*TASK TO CARRY OUT*.
An exact copy of all entries is required.

(Dataset items)
* * * *

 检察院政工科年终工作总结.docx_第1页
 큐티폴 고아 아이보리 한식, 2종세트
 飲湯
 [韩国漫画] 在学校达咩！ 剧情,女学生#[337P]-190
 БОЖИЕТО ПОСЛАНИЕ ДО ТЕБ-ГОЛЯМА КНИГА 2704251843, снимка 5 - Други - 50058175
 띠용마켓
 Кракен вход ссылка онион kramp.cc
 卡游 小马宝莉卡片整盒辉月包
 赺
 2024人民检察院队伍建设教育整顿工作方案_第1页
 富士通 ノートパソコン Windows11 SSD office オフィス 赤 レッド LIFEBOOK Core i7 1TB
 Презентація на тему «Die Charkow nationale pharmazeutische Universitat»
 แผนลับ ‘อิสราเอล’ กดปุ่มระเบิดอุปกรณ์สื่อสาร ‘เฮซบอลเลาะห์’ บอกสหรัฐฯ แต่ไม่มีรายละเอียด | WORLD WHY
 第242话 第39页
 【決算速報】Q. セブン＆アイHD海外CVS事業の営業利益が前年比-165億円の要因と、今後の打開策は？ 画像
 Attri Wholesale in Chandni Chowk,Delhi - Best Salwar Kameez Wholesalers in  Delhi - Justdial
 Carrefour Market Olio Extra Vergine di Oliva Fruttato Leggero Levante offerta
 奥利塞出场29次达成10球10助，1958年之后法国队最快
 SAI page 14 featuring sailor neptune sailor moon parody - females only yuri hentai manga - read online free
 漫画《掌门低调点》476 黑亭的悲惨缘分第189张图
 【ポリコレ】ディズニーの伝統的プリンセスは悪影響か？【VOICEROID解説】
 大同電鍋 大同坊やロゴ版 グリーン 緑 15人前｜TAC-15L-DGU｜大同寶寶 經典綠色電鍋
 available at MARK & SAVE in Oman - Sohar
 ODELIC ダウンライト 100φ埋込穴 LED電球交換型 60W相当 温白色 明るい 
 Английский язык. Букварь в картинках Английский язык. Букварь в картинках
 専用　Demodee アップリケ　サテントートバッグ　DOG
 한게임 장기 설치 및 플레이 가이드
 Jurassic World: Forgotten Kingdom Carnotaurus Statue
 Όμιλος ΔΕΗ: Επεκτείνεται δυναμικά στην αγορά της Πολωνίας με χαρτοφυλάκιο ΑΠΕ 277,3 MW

* * * *

*COMPLETED EXERCISE*.
 检察院政工科年终工作总结.docx_第1页
 큐티폴 고아 아이보리 한식, 2종세트
 飲湯
 [韩国漫画] 在学校达咩！ 剧情,女学生#[337P]-190
 БОЖИЕТО ПОСЛАНИЕ ДО ТЕБ-ГОЛЯМА КНИГА 2704251843, снимка 5 - Други - 50058175
 띠용마켓
 Кракен вход ссылка онион kramp.cc
 卡游 小马宝莉卡片整盒辉月包
 赺
 2024人民检察院队伍建设教育整顿工作方案_第1页
 富士通 ノートパソコン Windows11 SSD office オフィス 赤 レッド LIFEBOOK Core i7 1TB
 Презентація на тему «Die Charkow nationale pharmazeutische Universitat»
 แผนลับ ‘อิสราเอล’ กดปุ่มระเบิดอุปกรณ์สื่อสาร ‘เฮซบอลเลาะห์’ บอกสหรัฐฯ แต่ไม่มีรายละเอียด | WORLD WHY
 第242话 第39页
 【決算速報】Q. セブン＆アイHD海外CVS事業の営業利益が前年比-165億円の要因と、今後の打開策は？ 画像
 Attri Wholesale in Chandni Chowk,Delhi - Best Salwar Kameez Wholesalers in  Delhi - Justdial
 Carrefour Market Olio Extra Vergine di Oliva Fruttato Leggero Levante offerta
 奥利塞出场29次达成10球10助，1958年之后法国队最快
 SAI page 14 featuring sailor neptune sailor moon parody - females only yuri hentai manga - read online free
 漫画《掌门低调点》476 黑亭的悲惨缘分第189张图
 【ポリコレ】ディズニーの伝統的プリンセスは悪影響か？【VOICEROID解説】
 大同電鍋 大同坊やロゴ版 グリーン 緑 15人前｜TAC-15L-DGU｜大同寶寶 經典綠色電鍋
 available at MARK & SAVE in Oman - Sohar
 ODELIC ダウンライト 100φ埋込穴 LED電球交換型 60W相当 温白色 明るい 
 Английский язык. Букварь в картинках Английский язык. Букварь в картинках
 専用　Demodee アップリケ　サテントートバッグ　DOG
 한게임 장기 설치 및 플레이 가이드
 Jurassic World: Forgotten Kingdom Carnotaurus Statue
 Όμιλος ΔΕΗ: Επεκτείνεται δυναμικά στην αγορά της Πολωνίας με χαρτοφυλάκιο ΑΠΕ 277,3 MW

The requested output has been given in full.